Nel rievocare alcuni giorni fa il trentennale della Costituzione nello storico Palazzo Giustiniani dove essa fu promulgata, ho detto - e lo ripeto questa sera a voi diretti destinatari di quel messaggio - che la nostra Carta Costituzionale non è qualcosa di astratto, ma - resa più viva da trent'anni di lotte, di sacrifici e di lavoro - definisce una società libera e civile, che è quella in cui siamo e vogliamo rimanere; una società più ricca di solidarietà, che è quella in cui vogliamo vivere.

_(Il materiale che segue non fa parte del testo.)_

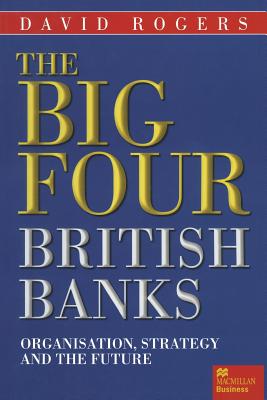 The Big Four British Banks: Organisation, Strategy and the Future - Rogers, David, Dr.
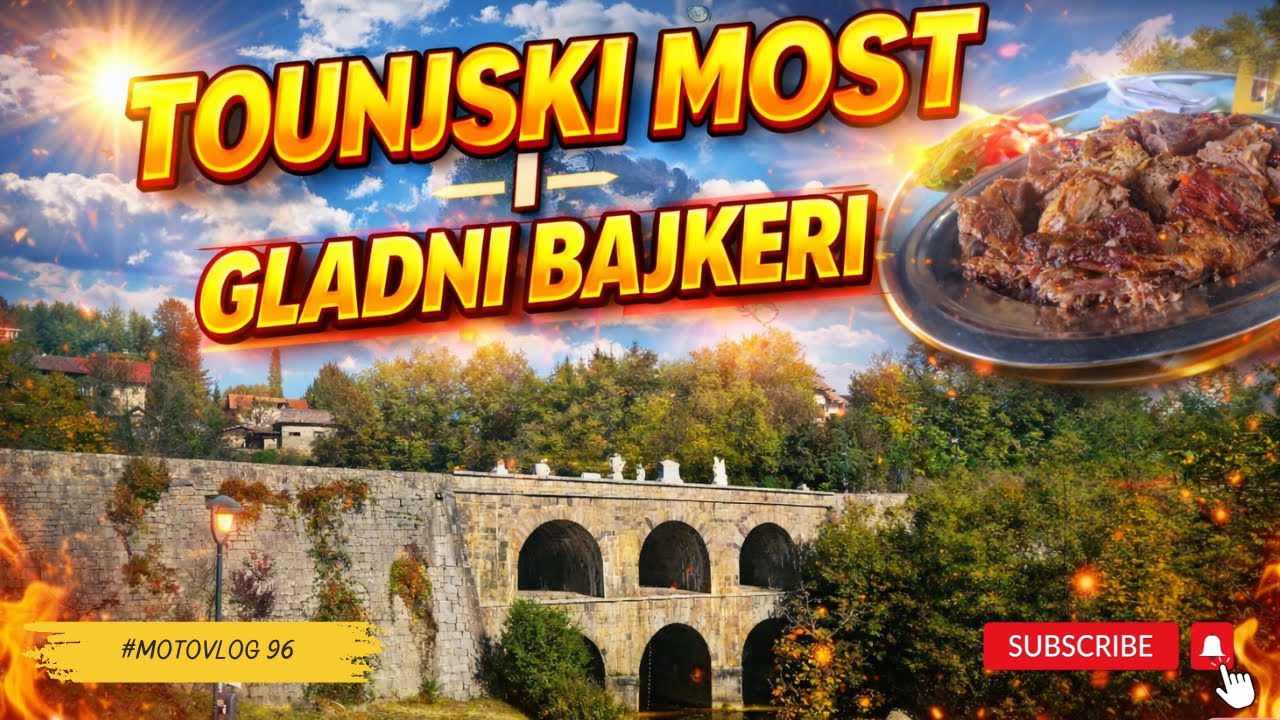 Tounjski most i gladni bajkeri / #motovlog 96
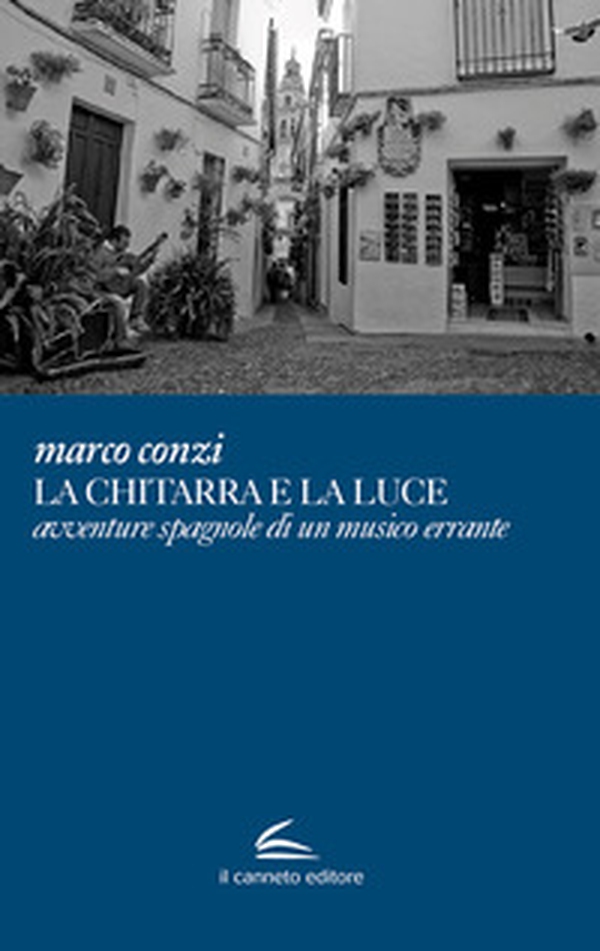 La chitarra e la luce avventure spagnole di un musico errante - Librerie.coop La chitarra e la luce avventure spagnole di un musico errante - Librerie.coop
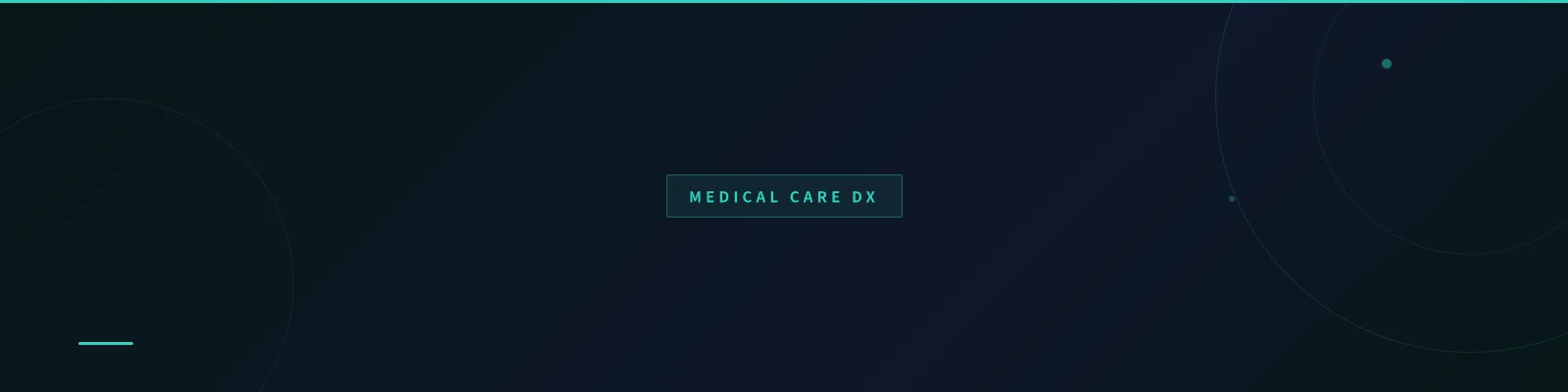 Medical Care DX 医療・介護DX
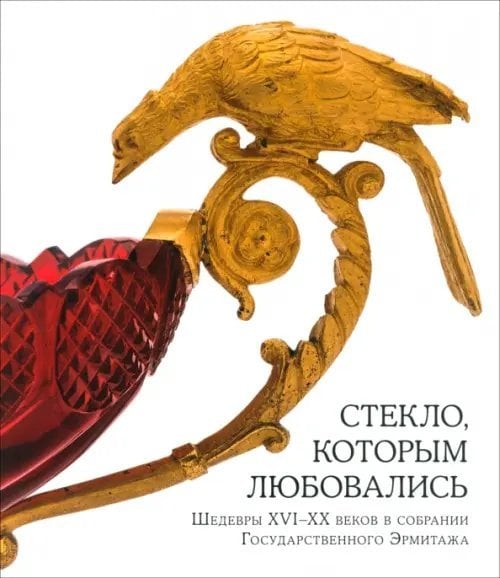 Стекло, которым любовались. Шедевры XVI-XX веков Стекло, которым любовались. Шедевры XVI-XX веков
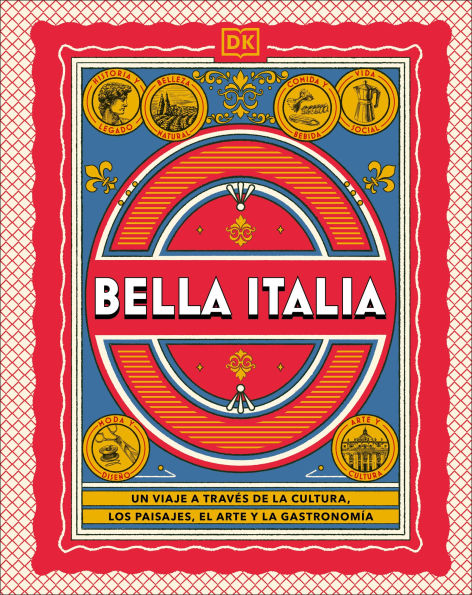 Bella Italia (The Italian Way): Un viaje a traves de la cultura, el arte, los paisajes y la gastronomia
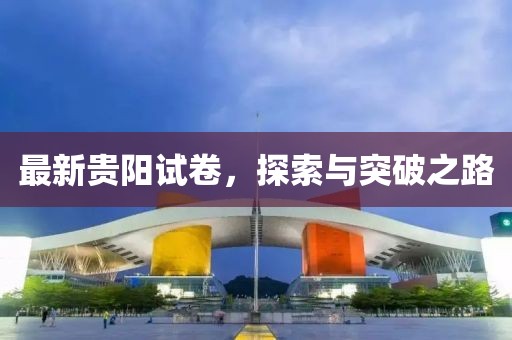 最新贵阳试卷，探索与突破之路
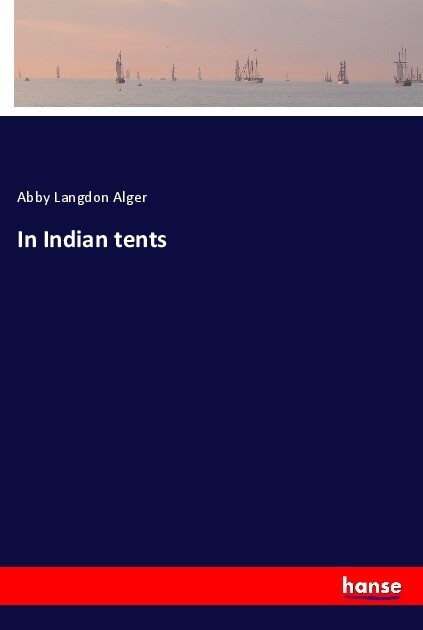 Image of In Indian tents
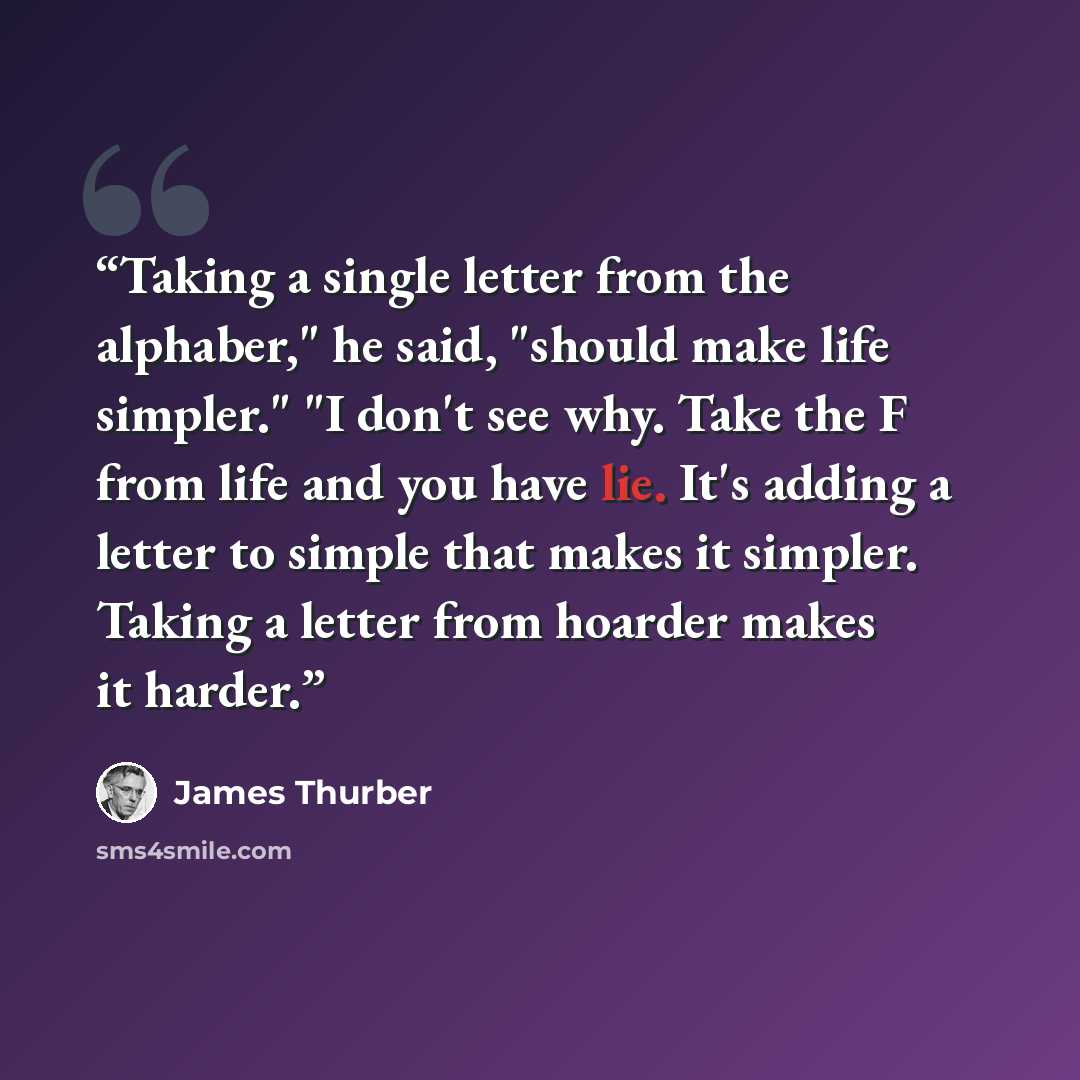 “Taking a single letter from the alphaber," he said, "should make life simpler." "I don't see why. Take the F from life and you have lie. It's adding a letter to simple that makes it simpler. Taking a letter from hoarder makes it harder.” quote by James Thurber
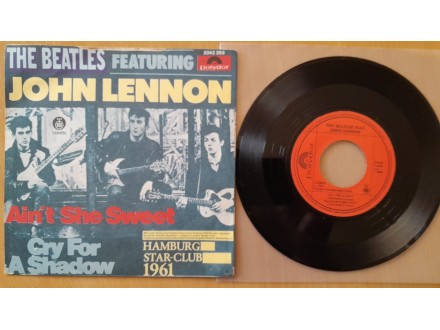 The Beatles Featuring John Lennon ‎– Ain`t She Sweet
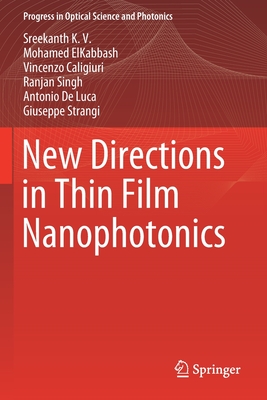 New Directions in Thin Film Nanophotonics - K V, Sreekanth, and Elkabbash, Mohamed, and Caligiuri, Vincenzo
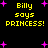 Yellow pixelated text "Billy says PRINCESS!" repeated four times on a black background with scattered purple plus signs, animated to shift positions.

Eppure dobbiamo riconoscere e valutare con molto realismo il malessere profondo che si avverte nel Paese. Pesano su di noi infatti molti problemi non risolti. E non mi riferisco solo alla crisi della nostra economia, che presenta gravi fenomeni di disoccupazione e un Mezzogiorno drammaticamente bisognoso di sviluppo. Mi riferisco a un elemento più preoccupante, che si incunea nella coscienza popolare e rende tutto più difficile: la sensazione o la consapevolezza che non sempre ad ogni diritto riconosciuto ha corrisposto e corrisponde la possibilità di un suo effettivo esercizio; di qui pesanti delusioni e quindi, di riflesso, un affievolimento generale del senso del dovere.
Il diritto alla scuola, ad esempio. Davanti a questa grande conquista, voluta da tutti, quanto di non graduata previsione vi è stato, sia pure per una esaltante volontà di rinnovamento, che ha determinato non solo carenze nelle strutture, ma soprattutto impossibilità di predisporre quel collegamento tra scuola e mondo produttivo, tra insegnamento e sbocchi professionali che oggi rappresenta uno dei più drammatici nodi da sciogliere! La disoccupazione dei giovani, con la coscienza di un titolo acquisito, crea drammi familiari e pesanti frustrazioni.
E ancora: quando è stato sancito per tutti i cittadini il diritto all'assistenza sanitaria, non si è riusciti a predisporre, nell'ansia di allargare questo diritto alle varie categorie, l'adeguato e necessario complesso di presidi sanitari o ospedalieri, determinando le disfunzioni e i disagi che troppo spesso dobbiamo riscontrare.
Dunque, squilibri ve ne sono, in questi, come in altri settori. Ed è giusto chiedere che i diritti siano resi operanti con l'impegno e la decisione delle forze politiche. Ma occorre da parte di tutti realismo, solidarietà e fiducia. E quando voi chiedete alla classe politica, di darvi questa fiducia, ritenete di poter dire che ciascuno di voi la ritrovi innanzi tutto in se stesso? Rispetto ai problemi insoluti è pensabile porsi in una posizione di fatalistica attesa? e non verificare piuttosto se fino in fondo si compie il proprio dovere?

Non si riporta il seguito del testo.